Prompt
For the entries that follow, retype exactly the lines from the one containing "4063758202238 - - Garderobenleiste" to the one containing "Morral Antirrobo Oxford Azul y Bronce", inclusive, and only those. Images stay out of the copy.

Given records
++++++
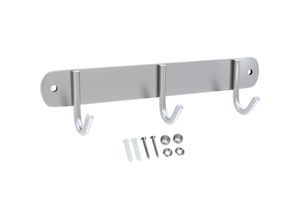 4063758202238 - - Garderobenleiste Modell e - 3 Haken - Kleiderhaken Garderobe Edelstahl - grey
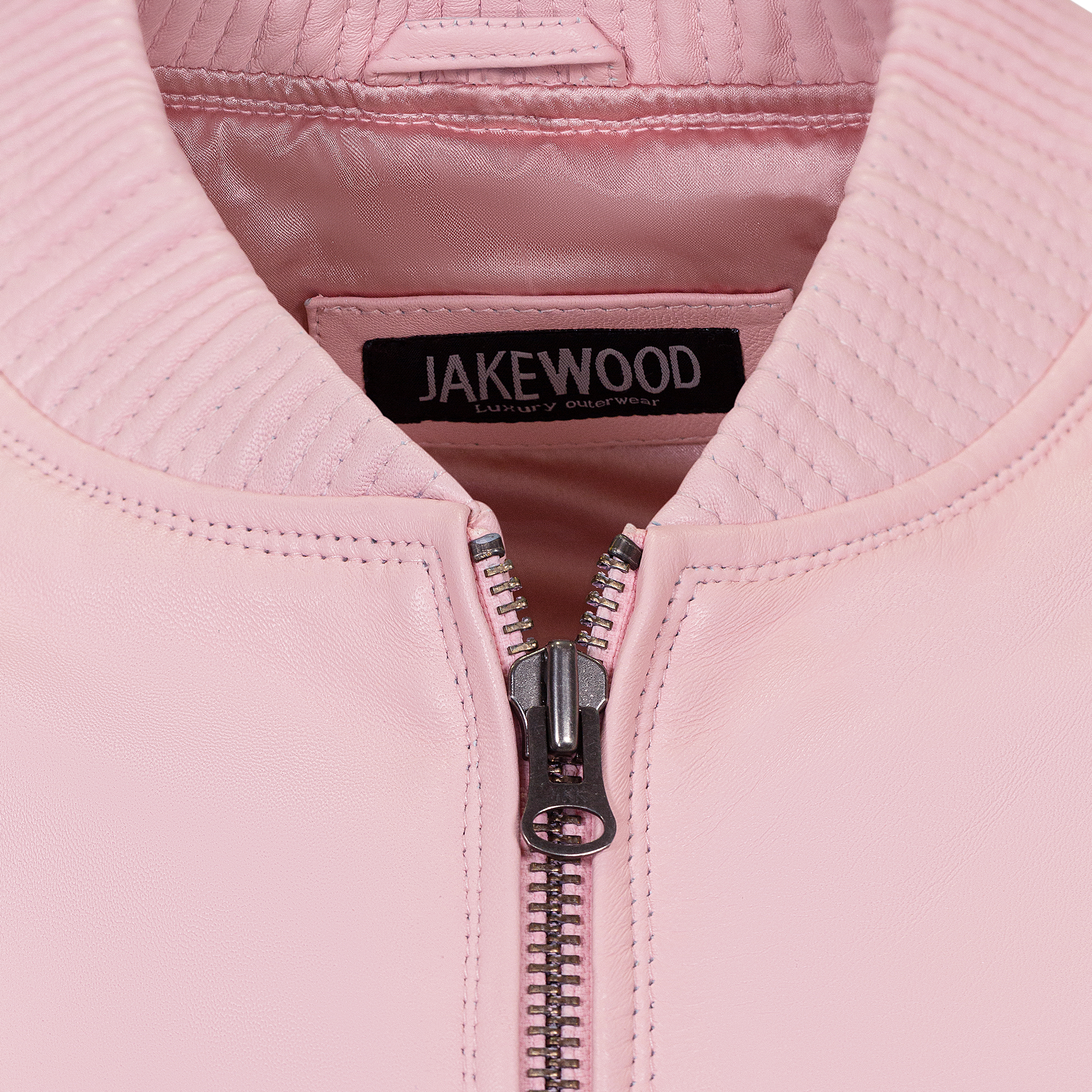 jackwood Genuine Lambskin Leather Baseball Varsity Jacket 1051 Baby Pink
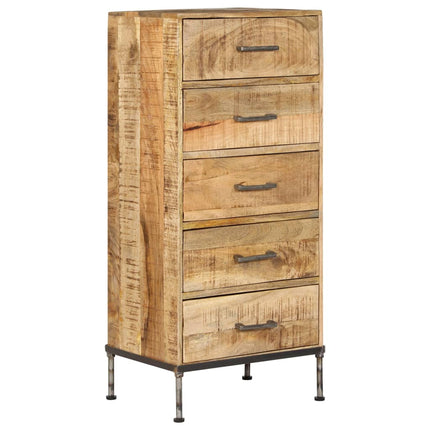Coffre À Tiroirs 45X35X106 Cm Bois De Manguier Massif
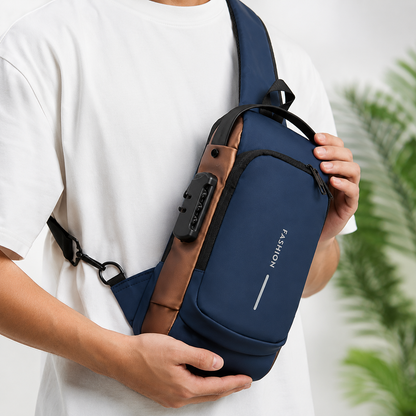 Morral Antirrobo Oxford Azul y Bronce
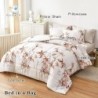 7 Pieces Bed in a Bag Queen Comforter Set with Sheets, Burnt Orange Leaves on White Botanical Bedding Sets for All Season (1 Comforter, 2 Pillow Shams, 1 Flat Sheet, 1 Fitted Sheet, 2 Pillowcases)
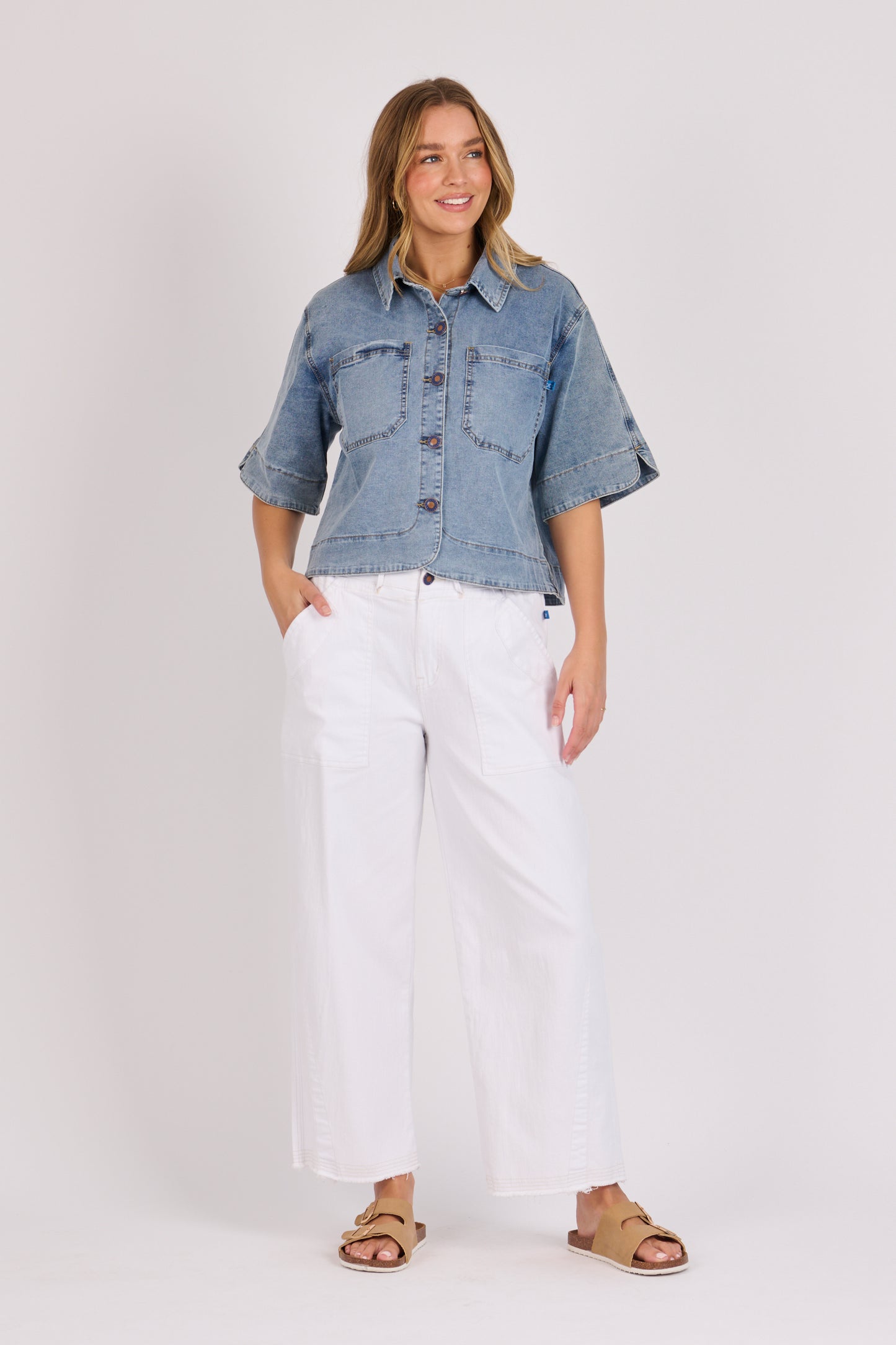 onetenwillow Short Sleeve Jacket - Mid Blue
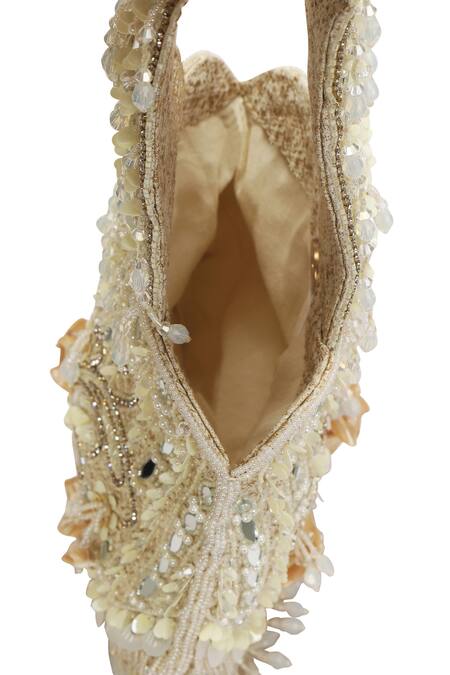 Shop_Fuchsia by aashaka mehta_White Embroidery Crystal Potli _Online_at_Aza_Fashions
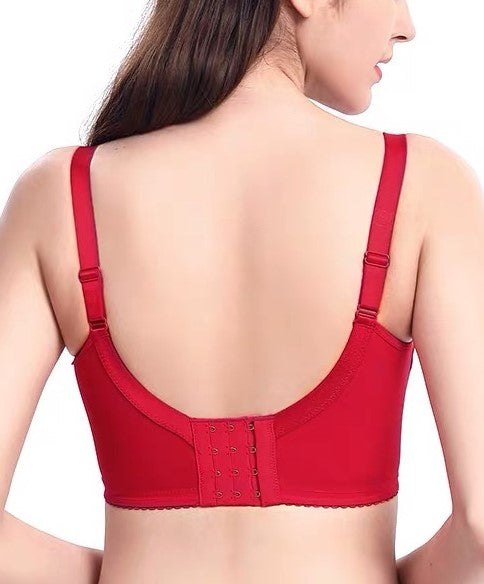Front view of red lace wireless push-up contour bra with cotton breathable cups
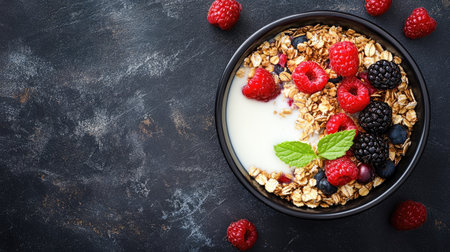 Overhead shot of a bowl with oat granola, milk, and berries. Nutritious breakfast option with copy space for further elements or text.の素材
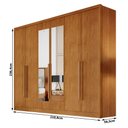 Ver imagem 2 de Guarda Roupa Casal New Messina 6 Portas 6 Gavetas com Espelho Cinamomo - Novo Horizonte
++++++
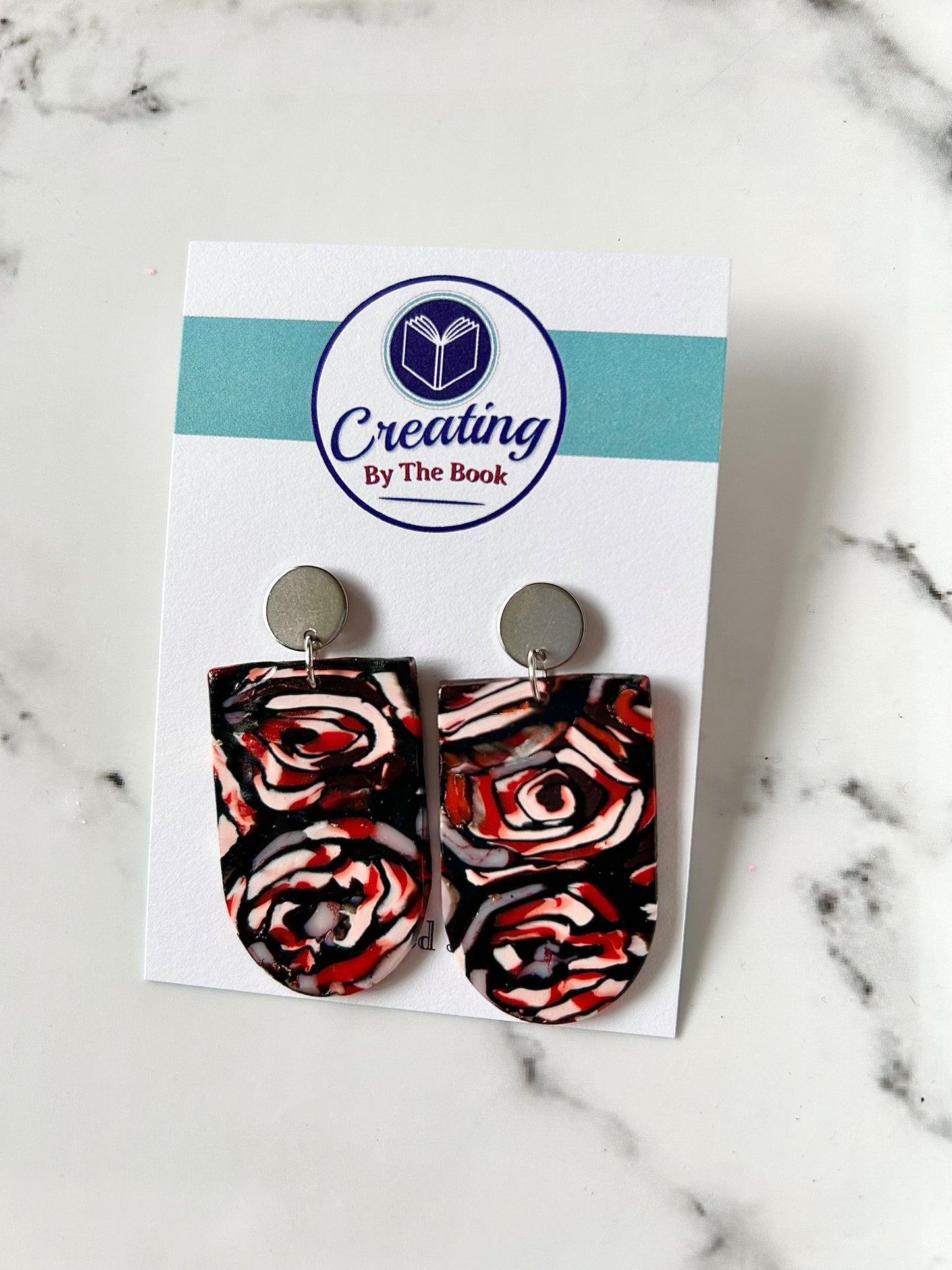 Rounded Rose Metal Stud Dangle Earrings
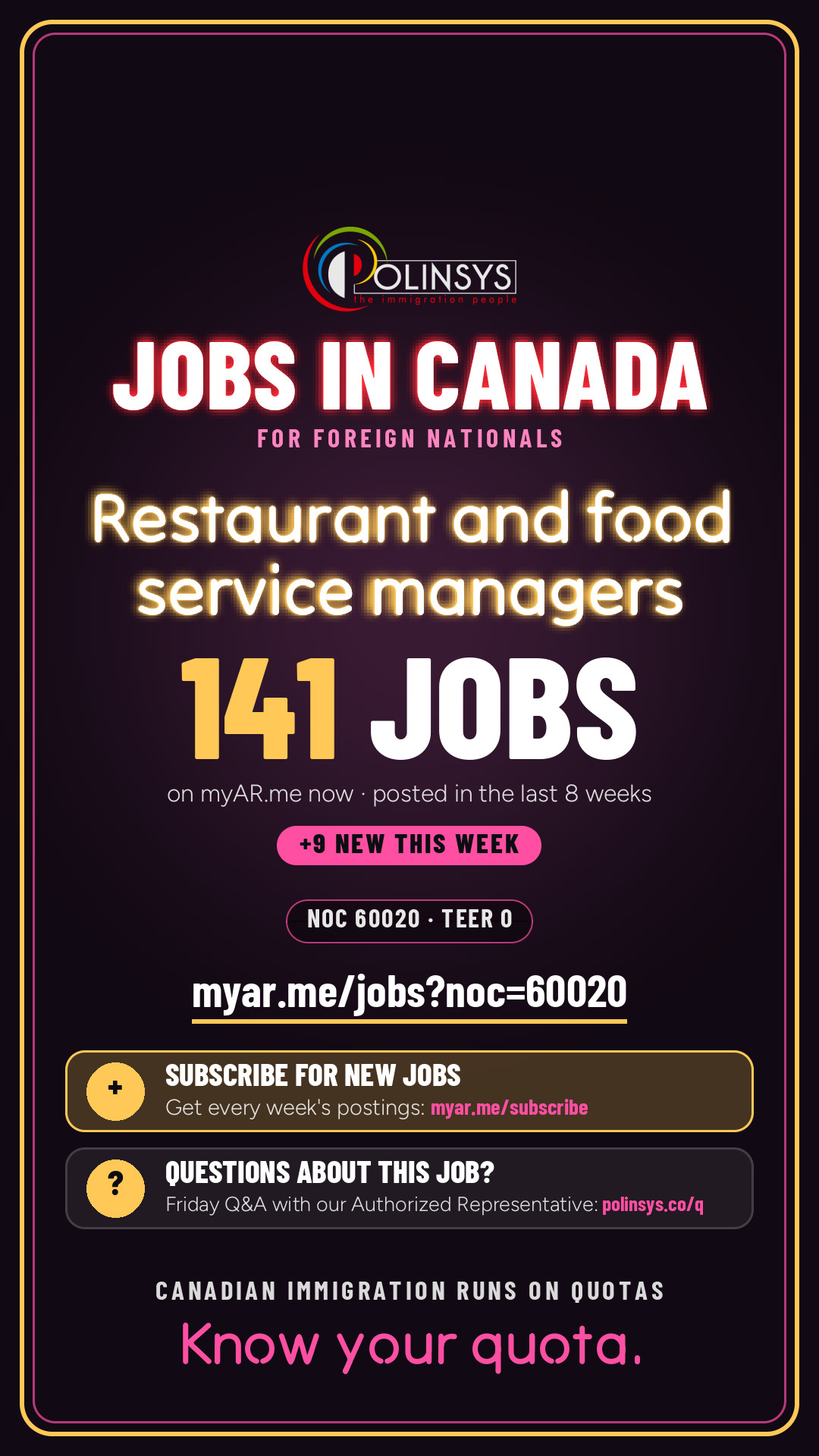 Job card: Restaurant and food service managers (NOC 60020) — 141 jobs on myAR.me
++++++
Response
 4063758202238 - - Garderobenleiste Modell e - 3 Haken - Kleiderhaken Garderobe Edelstahl - grey
 jackwood Genuine Lambskin Leather Baseball Varsity Jacket 1051 Baby Pink
Coffre À Tiroirs 45X35X106 Cm Bois De Manguier Massif
 Morral Antirrobo Oxford Azul y Bronce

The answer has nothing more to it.